Rev. bras. educ. med. vol.34 no.4 Rio de Janeiro out./dez. 2010

http://dx.doi.org/10.1590/S0100-55022010000400013 

RESEARCH

 

Mudança de comportamento de médicos com transferência passiva de informações

 

Change of physicians' behavior with passive transfer of information

 

 

Jorge de AzevedoI; Paul Douglas FisherII; Ronaldo BordinII

ISecretaria Municipal de Saúde de Canela,Canela, RS, Brasil
IIUniversidade Federal do Rio Grande do Sul, Porto Alegre, RS, Brasil

Endereço para correspondência

 

 


RESUMO

Avaliou-se a mudança de comportamento de um grupo de médicos empregando-se a mala direta como estratégia de divulgação de informações, objetivando otimizar o uso de "Serviços Auxiliares de Diagnose e Terapia - SADT" numa regional de cooperativa médica do Sul do Brasil. Do total de 176 médicos, 130 constituíram a amostra para estudo quase-experimento. Utilizando-se o método Audit and Feedback, mensalmente durante um ano, a relação SADT solicitados/consultas atendidas (aqui denominada "Índice de Solicitação de SADT - IsSADT") retornou em forma de gráficos aos médicos. Para análises, os respondentes foram estratificados de diferentes formas, compararam-se os IsSADT pré e pós-intervenções e entre e intraestratos com testes de Wilcoxon, Mann-Whitney e Kruskall Wallis. Apesar de as solicitações de SADT que vinham sendo praticadas serem o quádruplo do estimado para a população de beneficiários, o comportamento do grupo estudado não se modificou com o fornecimento de informações desacompanhadas de outras medidas administrativas.

Palavras-chave: - Economia da Saúde. - Política de Saúde. - Administração e Planejamento em Saúde.


ABSTRACT

This study evaluated the change of behavior in a group of physicians using direct mailing as a strategy for disseminating information, aimed at the optimization of the use of "Ancillary Diagnostic and Treatment Services" in a regional division of a medical cooperative in southern Brazil. Of the total of 176 physicians, 130 comprised the quasi-experimental study sample. Using the Audit and Feedback method monthly for a year, the ratio between diagnostic and treatment services ordered and consultations provided was fed back to the physicians in the form of graphs. For the analyses, the respondents were stratified in different ways, and the pre and post-intervention and inter and intra-stratum ratios were compared using the Wilcoxon, Mann-Whitney, and Kruskall Wallis tests. Although the orders for ancillary diagnostic and treatment services were fourfold the expected number for the portfolio of policy-holders under the medical cooperative, the group's behavior did not change by providing information without other accompanying administrative measures.

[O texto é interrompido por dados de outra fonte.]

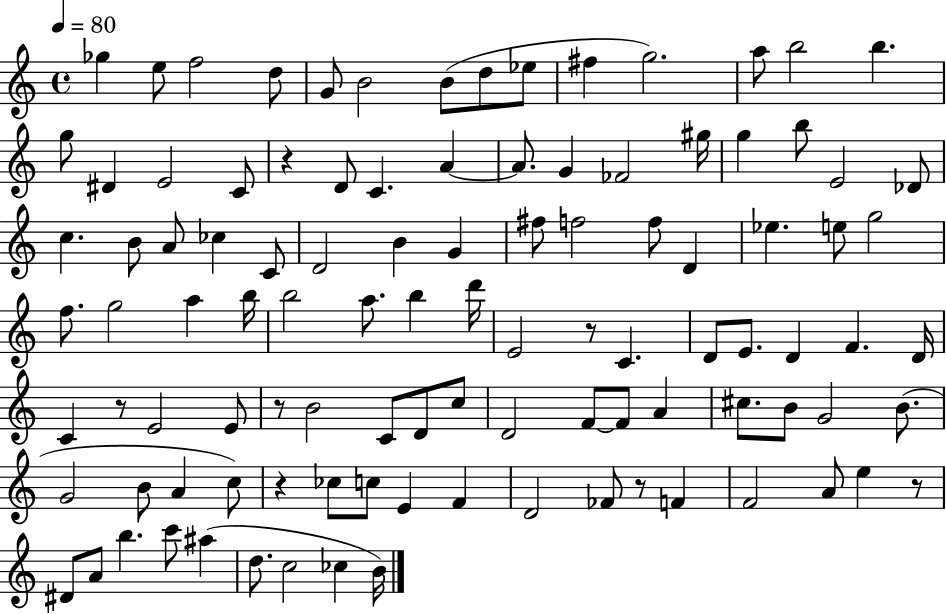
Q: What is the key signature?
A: C major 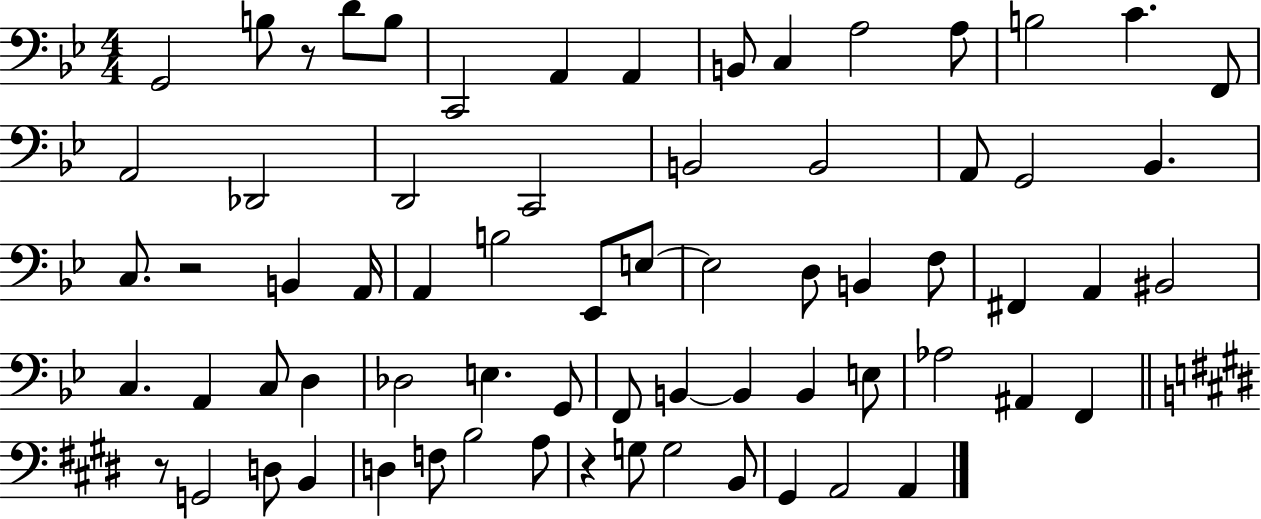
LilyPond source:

{
  \clef bass
  \numericTimeSignature
  \time 4/4
  \key bes \major
  g,2 b8 r8 d'8 b8 | c,2 a,4 a,4 | b,8 c4 a2 a8 | b2 c'4. f,8 | \break a,2 des,2 | d,2 c,2 | b,2 b,2 | a,8 g,2 bes,4. | \break c8. r2 b,4 a,16 | a,4 b2 ees,8 e8~~ | e2 d8 b,4 f8 | fis,4 a,4 bis,2 | \break c4. a,4 c8 d4 | des2 e4. g,8 | f,8 b,4~~ b,4 b,4 e8 | aes2 ais,4 f,4 | \break \bar "||" \break \key e \major r8 g,2 d8 b,4 | d4 f8 b2 a8 | r4 g8 g2 b,8 | gis,4 a,2 a,4 | \break \bar "|."
} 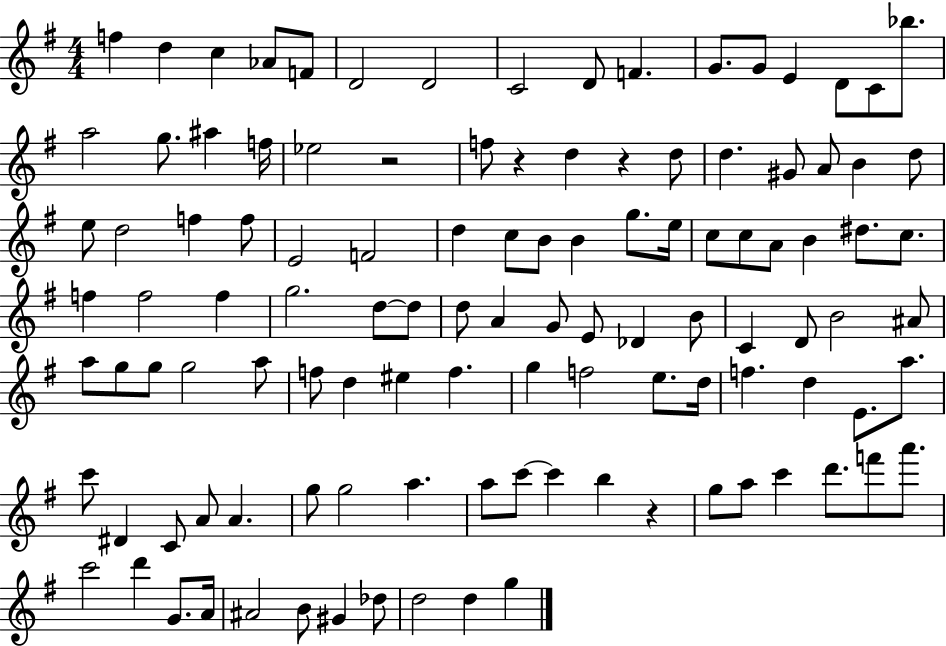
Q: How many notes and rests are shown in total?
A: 113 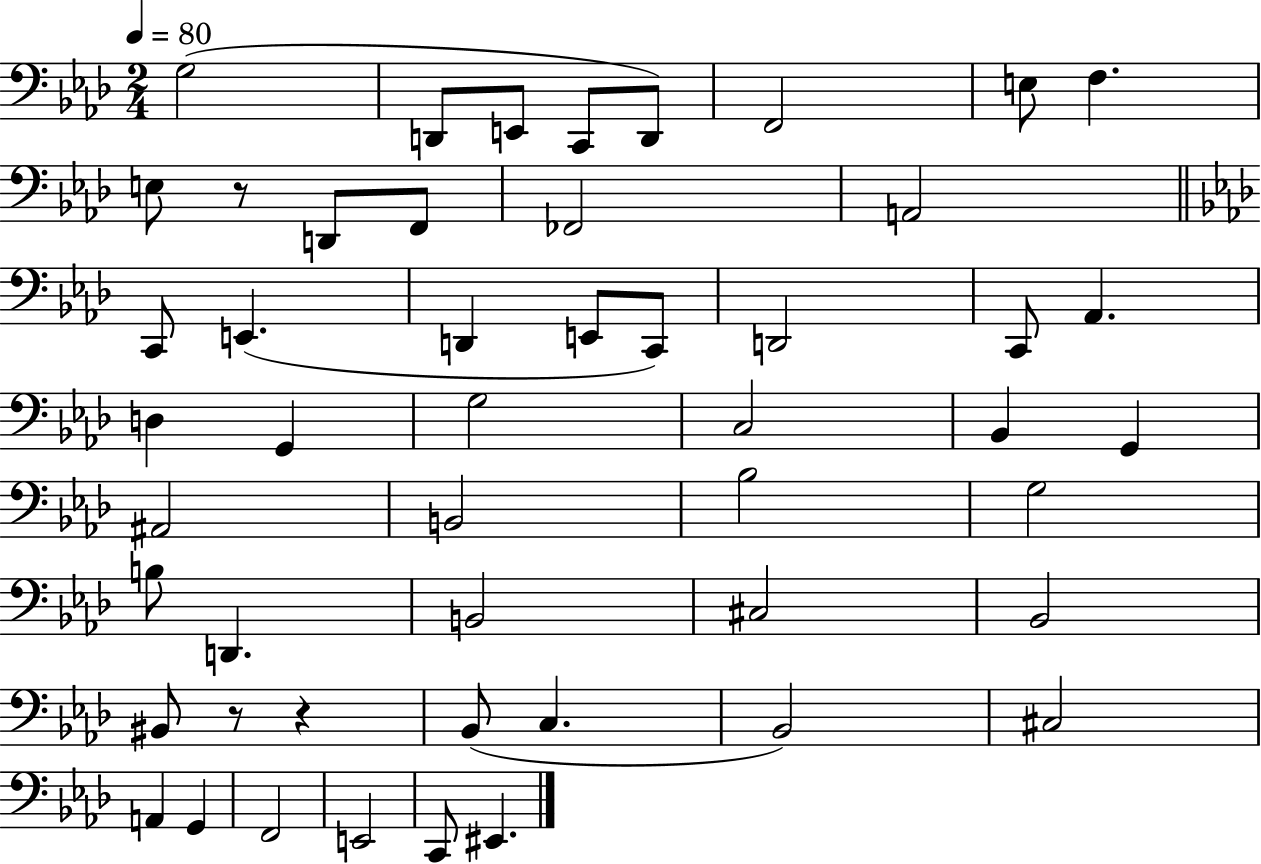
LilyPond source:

{
  \clef bass
  \numericTimeSignature
  \time 2/4
  \key aes \major
  \tempo 4 = 80
  \repeat volta 2 { g2( | d,8 e,8 c,8 d,8) | f,2 | e8 f4. | \break e8 r8 d,8 f,8 | fes,2 | a,2 | \bar "||" \break \key f \minor c,8 e,4.( | d,4 e,8 c,8) | d,2 | c,8 aes,4. | \break d4 g,4 | g2 | c2 | bes,4 g,4 | \break ais,2 | b,2 | bes2 | g2 | \break b8 d,4. | b,2 | cis2 | bes,2 | \break bis,8 r8 r4 | bes,8( c4. | bes,2) | cis2 | \break a,4 g,4 | f,2 | e,2 | c,8 eis,4. | \break } \bar "|."
} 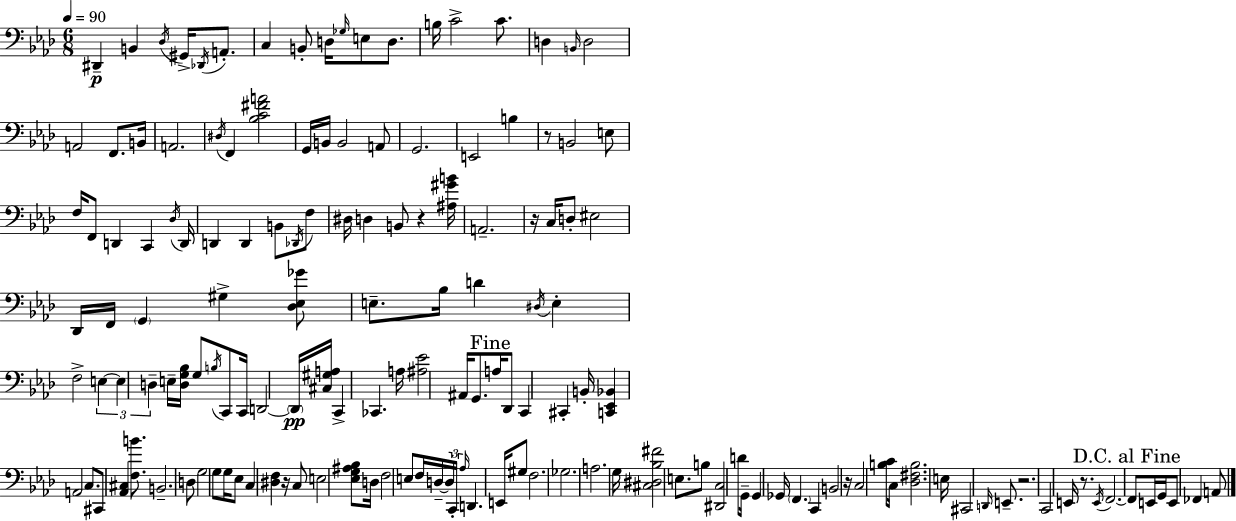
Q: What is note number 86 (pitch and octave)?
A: D3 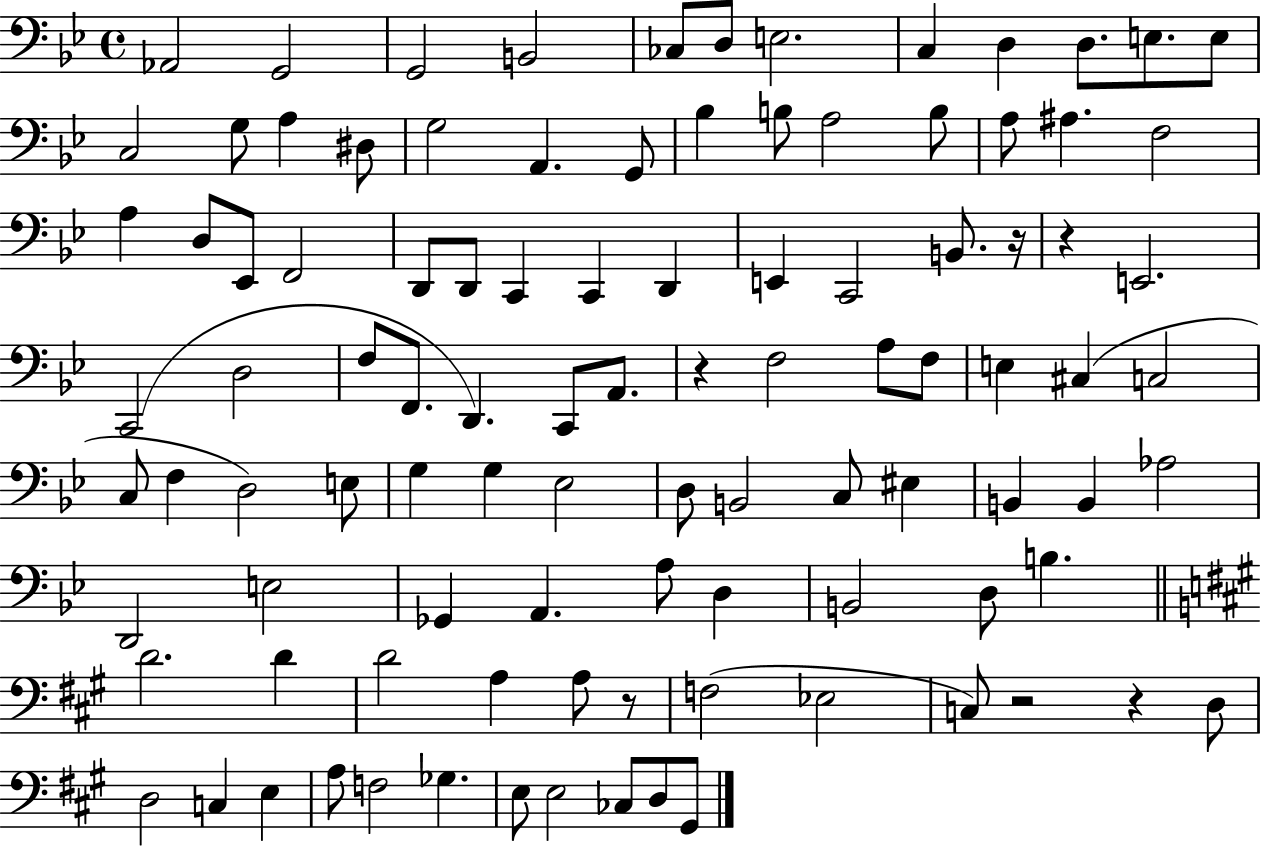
{
  \clef bass
  \time 4/4
  \defaultTimeSignature
  \key bes \major
  aes,2 g,2 | g,2 b,2 | ces8 d8 e2. | c4 d4 d8. e8. e8 | \break c2 g8 a4 dis8 | g2 a,4. g,8 | bes4 b8 a2 b8 | a8 ais4. f2 | \break a4 d8 ees,8 f,2 | d,8 d,8 c,4 c,4 d,4 | e,4 c,2 b,8. r16 | r4 e,2. | \break c,2( d2 | f8 f,8. d,4.) c,8 a,8. | r4 f2 a8 f8 | e4 cis4( c2 | \break c8 f4 d2) e8 | g4 g4 ees2 | d8 b,2 c8 eis4 | b,4 b,4 aes2 | \break d,2 e2 | ges,4 a,4. a8 d4 | b,2 d8 b4. | \bar "||" \break \key a \major d'2. d'4 | d'2 a4 a8 r8 | f2( ees2 | c8) r2 r4 d8 | \break d2 c4 e4 | a8 f2 ges4. | e8 e2 ces8 d8 gis,8 | \bar "|."
} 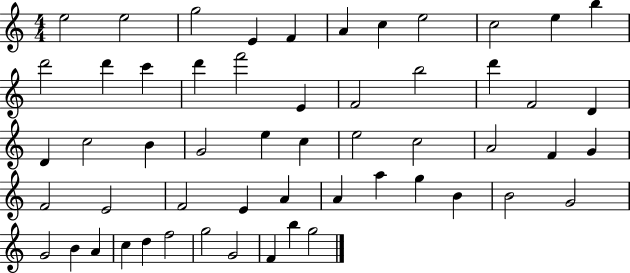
X:1
T:Untitled
M:4/4
L:1/4
K:C
e2 e2 g2 E F A c e2 c2 e b d'2 d' c' d' f'2 E F2 b2 d' F2 D D c2 B G2 e c e2 c2 A2 F G F2 E2 F2 E A A a g B B2 G2 G2 B A c d f2 g2 G2 F b g2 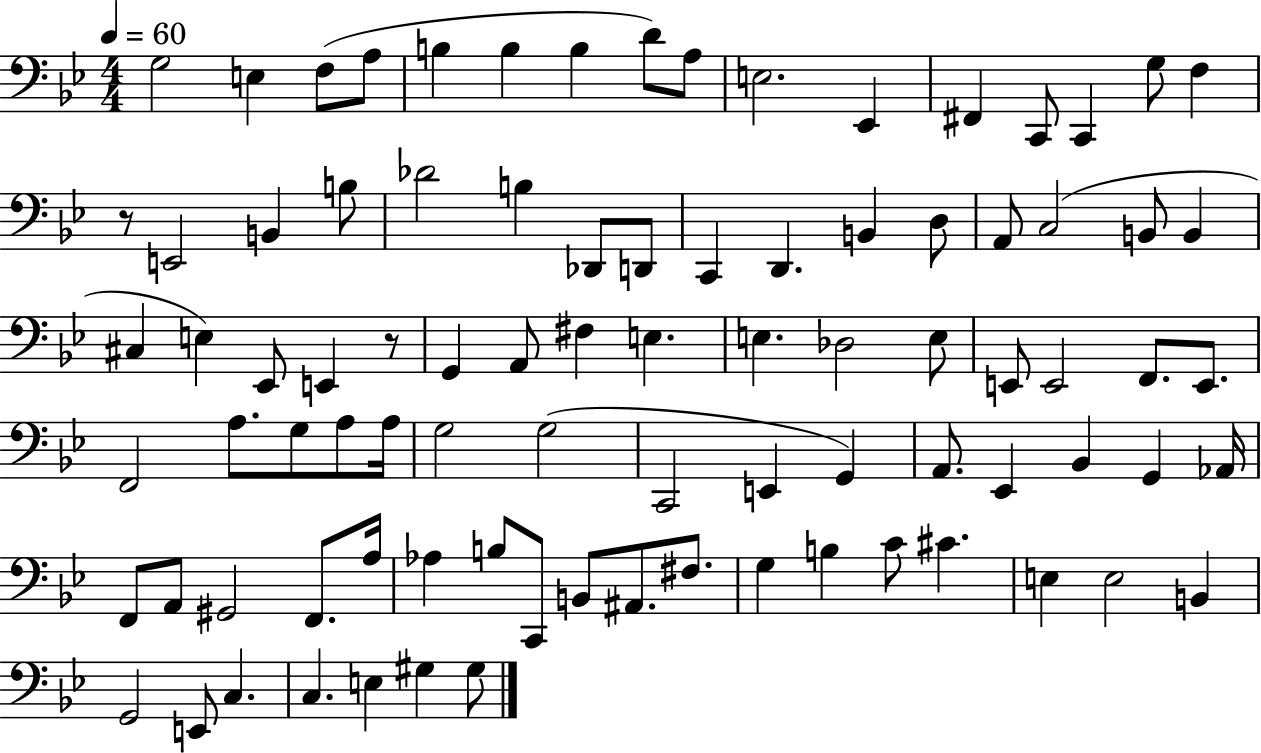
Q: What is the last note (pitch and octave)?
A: G#3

Keywords: - Health Economics. - Health Policy. - Health Administration and Planning.


 

 

INTRODUÇÃO

Expor pacientes a procedimentos desnecessários é tão pernicioso quanto deixar de solicitá-los quando preciso, pois em ambas as situações a saúde fica ameaçada, e os recursos são consumidos de modo inadequado1,2,3. Em tese, não há economia de recursos em ambas as situações. Na primeira, porque são gastos recursos com procedimentos desnecessários, e os pacientes se expõem a riscos inerentes ao procedimento; na segunda, os recursos não gastos com procedimentos necessários logo se transformam em grandes despesas com o agravo da saúde de pacientes por terem seus diagnósticos ou tratamentos retardados. Parece não existir forma mais eficiente de otimização a não ser atender, segundo os preceitos da boa prática médica, as necessidades por cuidados de saúde dos pacientes (entendidos em seu sentido mais amplo de prevenção, tratamento e recuperação). Esta forma é a mesma, seja a instituição prestadora dos serviços pública ou privada - no caso das operadoras de saúde no Brasil, especialmente a partir da ampliação dos limites de cobertura com a promulgação da Lei nº 9.656, de 3 de junho de 1998, que dispõe sobre planos e seguros privados de assistência à saúde4,5.

O desperdício com a utilização inadequada de procedimentos, já apontado por outros autores6,11,2, a oferta crescente de novos procedimentos diagnóstico-terapêuticos nem sempre custo-efetivos do ponto de vista de promover melhores indicadores de saúde baseados em desfechos12 e a dificuldade de continuar a aumentar os recursos destinados ao setor saúde11,13-15 têm levado à busca incessante por processos de otimização.

Em 2004, o Sistema Único de Saúde (SUS) gastou o equivalente a US$ 432.969.716,00 com apenas um dos grupos de procedimentos gerados em atividades de ambulatório (exames de patologia clínica - grupo de menor preço médio dos procedimentos)16. A redução hipotética de apenas 1% deste montante com o melhor controle da utilização inadequada corresponderia a um valor na casa dos milhões de dólares, que poderiam ser realocados. Para singulares de grande porte de cooperativa médica, que chegam a 400 mil beneficiários4, estimam-se gastos anuais de US$ 10.375.757,00 com SADT demandados em consultórios de cooperados.

Processos como as diretrizes de Medicina Baseada em Evidências (MBE) e o método Audit and Feedback (A&F), centrados no desempenho de médicos17, para serem bem-sucedidos, dependem de decisões individuais que levem a mudanças de comportamento. Costumam ter custo mais baixo quando as estratégias de implantação não empregam ações coercitivas ou incentivo financeiro, utilizando apenas a mala direta para fornecimento de informações como estratégia de implantação. Assim, esta estratégia costuma ter boa aceitação porque, além de custo financeiro baixo, não costuma gerar desgastes no relacionamento entre administradores e administrados, sendo também de baixo custo político. Entretanto, para a escolha da estratégia a ser utilizada, deve ser levado em conta não só o custo, mas também a eficiência.

Em 2005, a Cochrane Library disponibilizou uma revisão sistemática na qual 85 ensaios clínicos randomizados sobre o tema A&F atenderam os critérios de inclusão e 13 foram selecionados, apresentando resultados de percentual relativo de mudanças entre -16% e 152% entre os grupos experimental e de controle18. Estudos mais recentes com avaliação de estratégias de implementação de diretrizes de MBE têm demonstrado que as estratégias que utilizam ações passivas de transferência de informações podem produzir algum efeito, mas este é pequeno ou desprezível, sendo os melhores resultados obtidos quando se combinam ações coercitivas de vigilância constante e incentivos financeiros19-21.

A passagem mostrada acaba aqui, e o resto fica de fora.